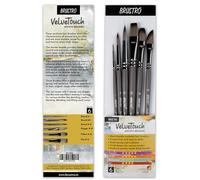 BRUSTRO VelveTouch Lot de 6 pinceaux d'artiste Gouache, acrylique, aquarelle et peinture à l'huile | Manche court, poils synthétiques, rond, filbert, poignard, forme plate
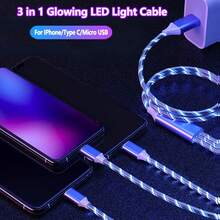 Fast Charging Data Cable (Shining Fiber) 1pc LED Apple Charging Cable 3 In 1 Glowing Data Cable USB C+Lightning+Micro USB Charging Cable, Compatible With IPhone 17/17 Pro/17 Pro Max/16/15/14/13/12, Portable Travel Charger Gift Party - Multicolor - View 5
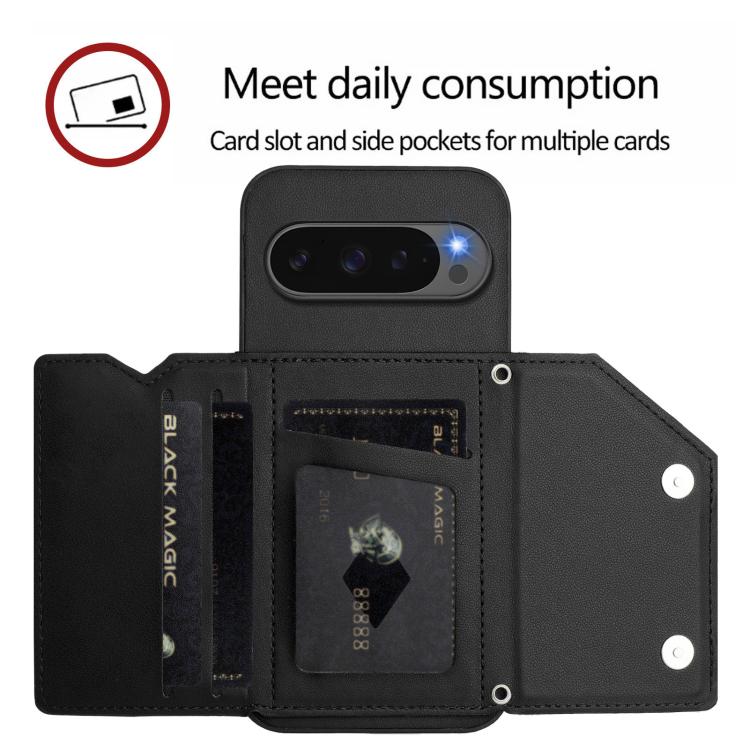 For Google Pixel 10 Pro XL Skin Feel Four Card Slots Phone Case with Wrist Strap(Black) - Google Cases by buy2fix | Online Shopping UK | buy2fix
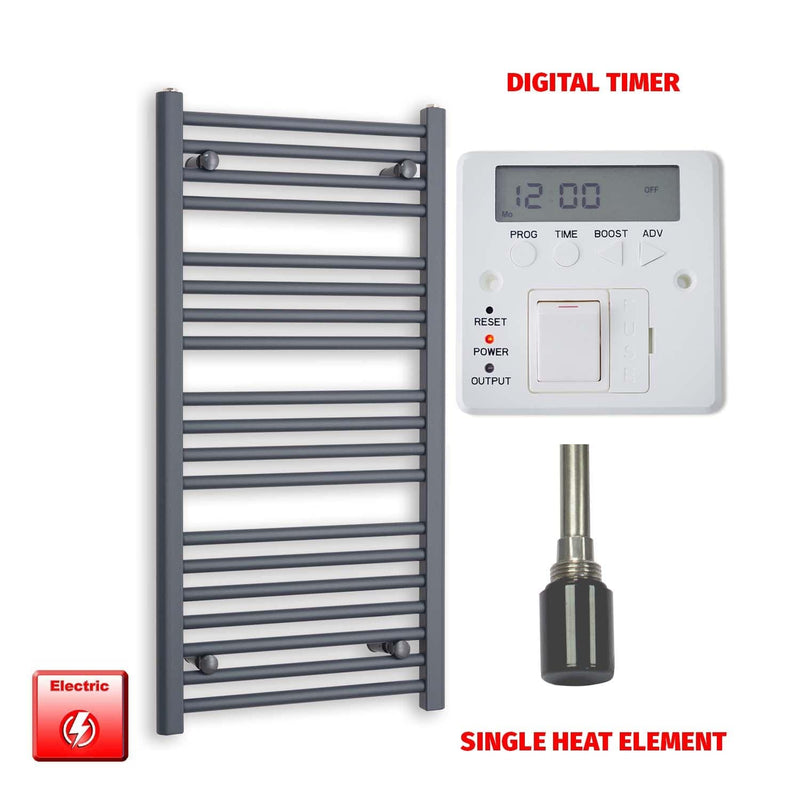 Single Heat / Digital Timer 1000 x 500 Flat Anthracite Pre-Filled Electric Heated Towel Radiator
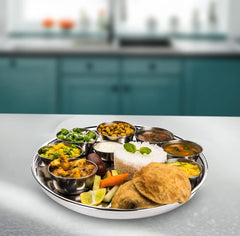 Kuber Industries Stainless Steel Dinner Plates Set of 6 | 29 cm Dia I Heavy Gauge & Deep Base | Mirror Finish | Multi Purpose Steel Thali Set of 6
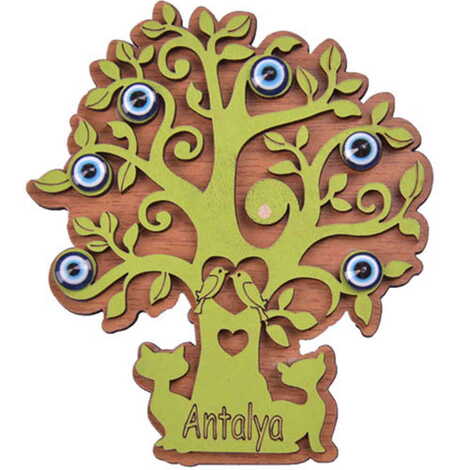 Tree Themed Wooden Engraved Souvenir Fridge Magnet - 13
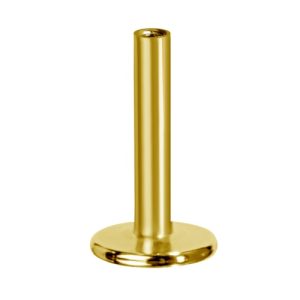 18k gold internally threaded labret base piercing jewelry
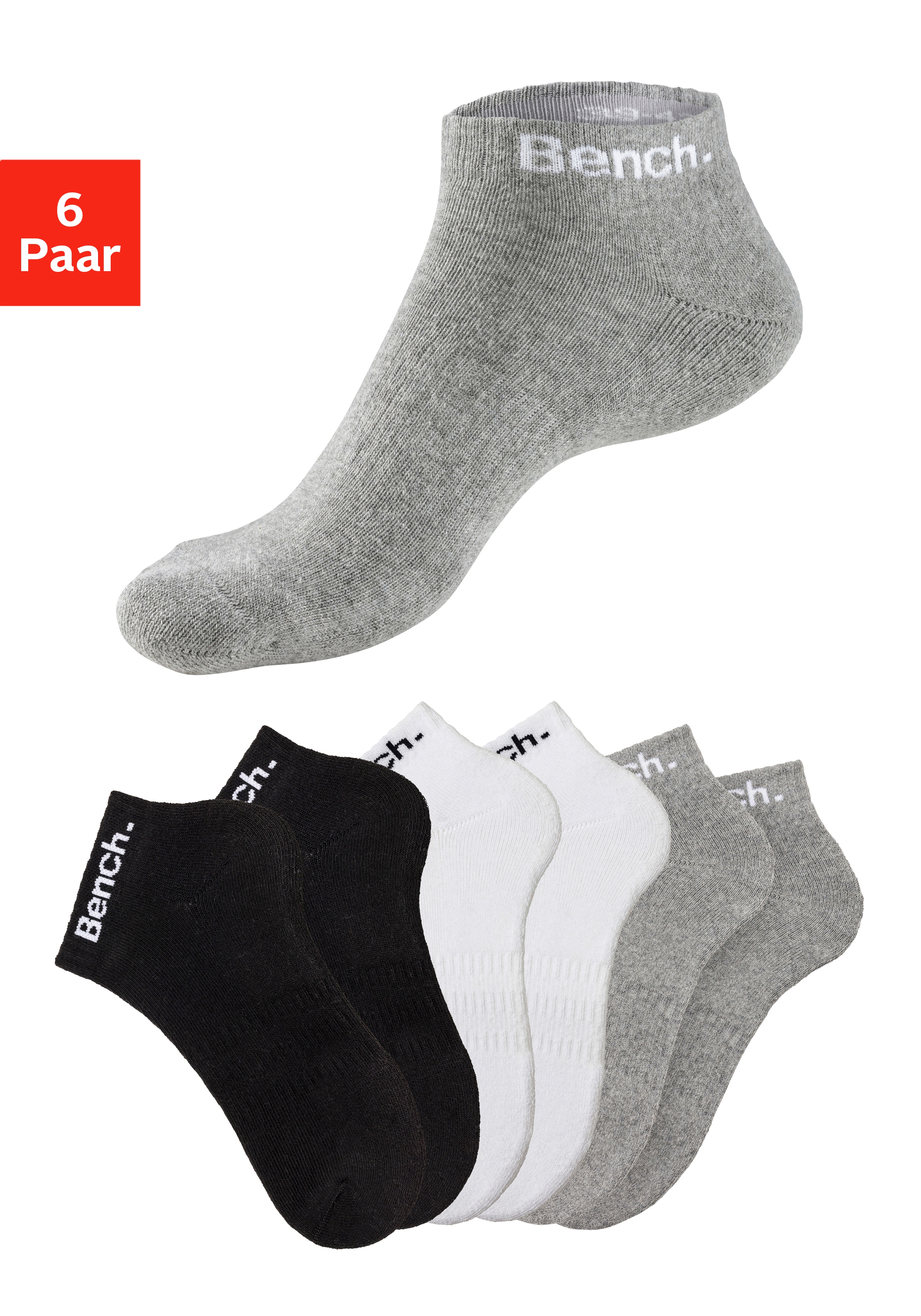 Bench. Sportsocken "Damen Herren Kurzsocken, Halbhohe Socken" Packung, 6 Paar tlg. Tennis Kurzsocken mit Halbfußfrottee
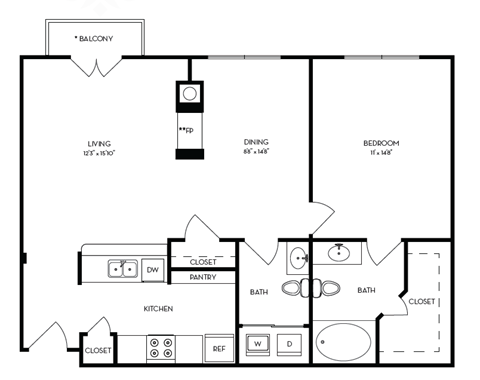this is a drawing of a 1 bedroom floor plan with baths and a closet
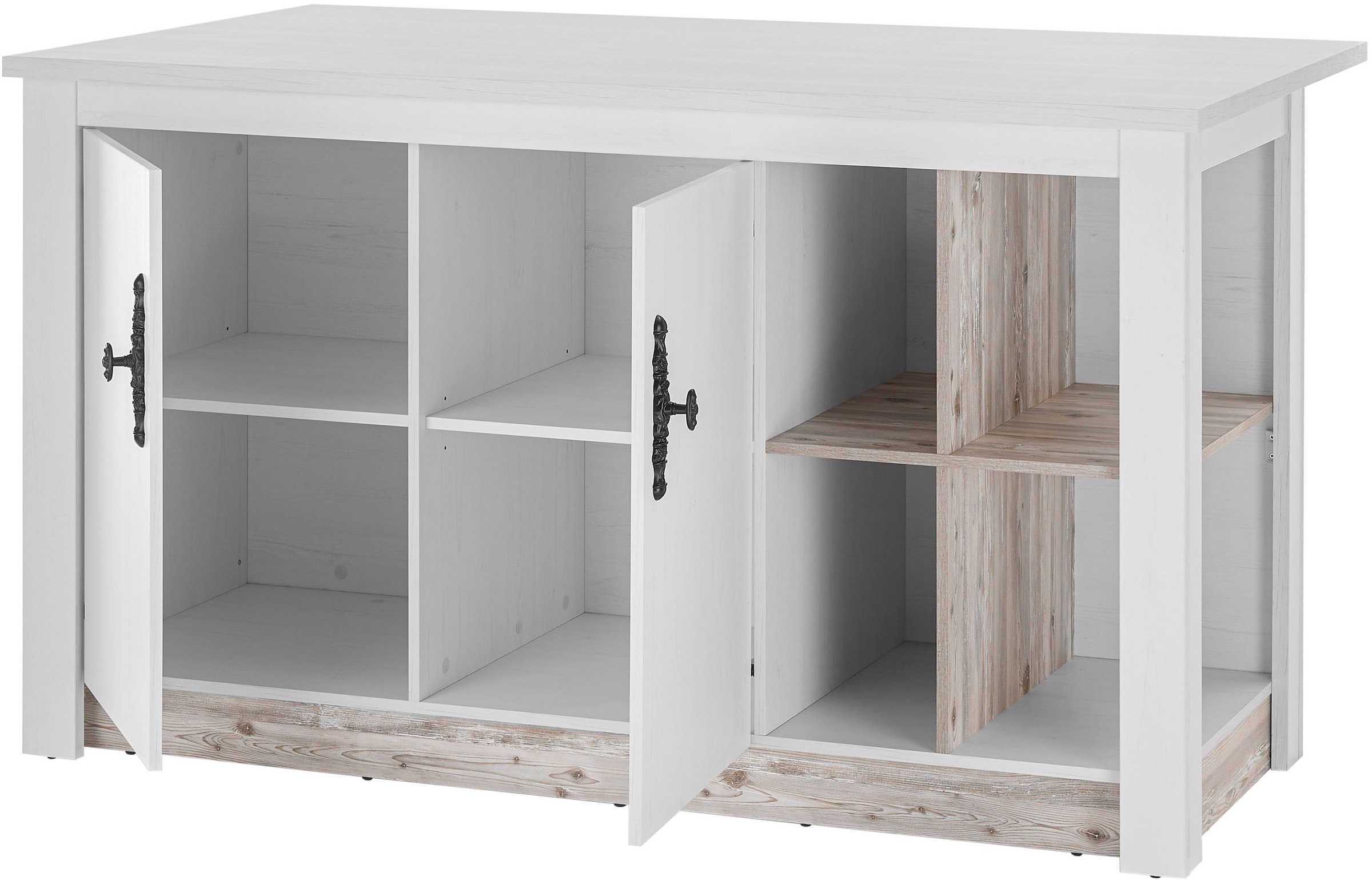 Home affaire Kücheninsel »Florenz, Küchenblock in Pinie Weiss, Kochinsel, Küchenarbeitsblock« Breite 161 cm, mit verschnörkeltem Metallgriff, Arbeitshöhe 92 cm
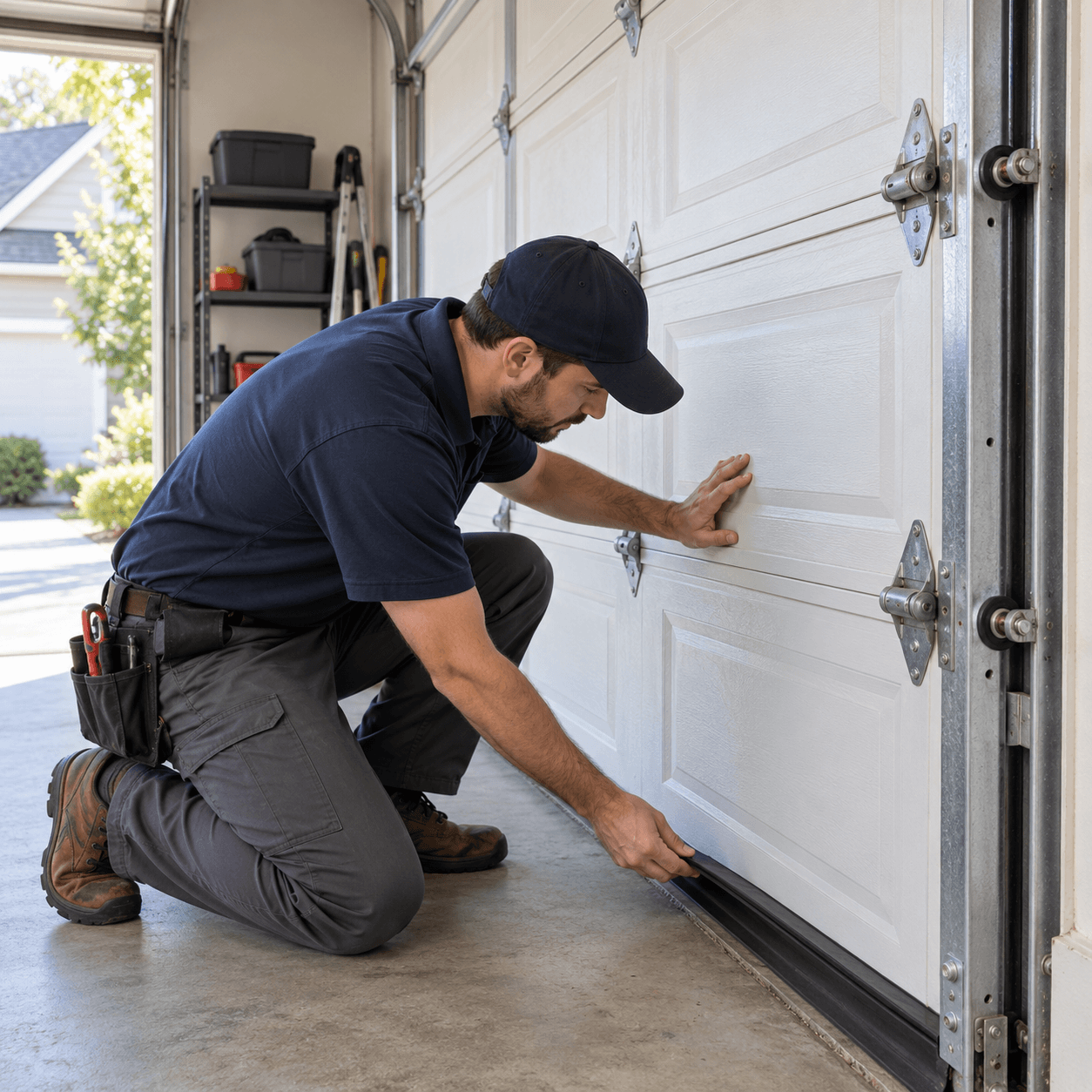Garage Door Maintenance South Houston TX technician inspecting bottom weather seal perimeter weatherstripping panels hinges and roller fixtures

What is needed: The line containing "Fast Charging Data" marks where the copy ends; print every line before it from the start of the records, and that line too, but no pictures.

Response area:
 BRUSTRO VelveTouch Lot de 6 pinceaux d'artiste Gouache, acrylique, aquarelle et peinture à l'huile | Manche court, poils synthétiques, rond, filbert, poignard, forme plate
 Fast Charging Data Cable (Shining Fiber) 1pc LED Apple Charging Cable 3 In 1 Glowing Data Cable USB C+Lightning+Micro USB Charging Cable, Compatible With IPhone 17/17 Pro/17 Pro Max/16/15/14/13/12, Portable Travel Charger Gift Party - Multicolor - View 5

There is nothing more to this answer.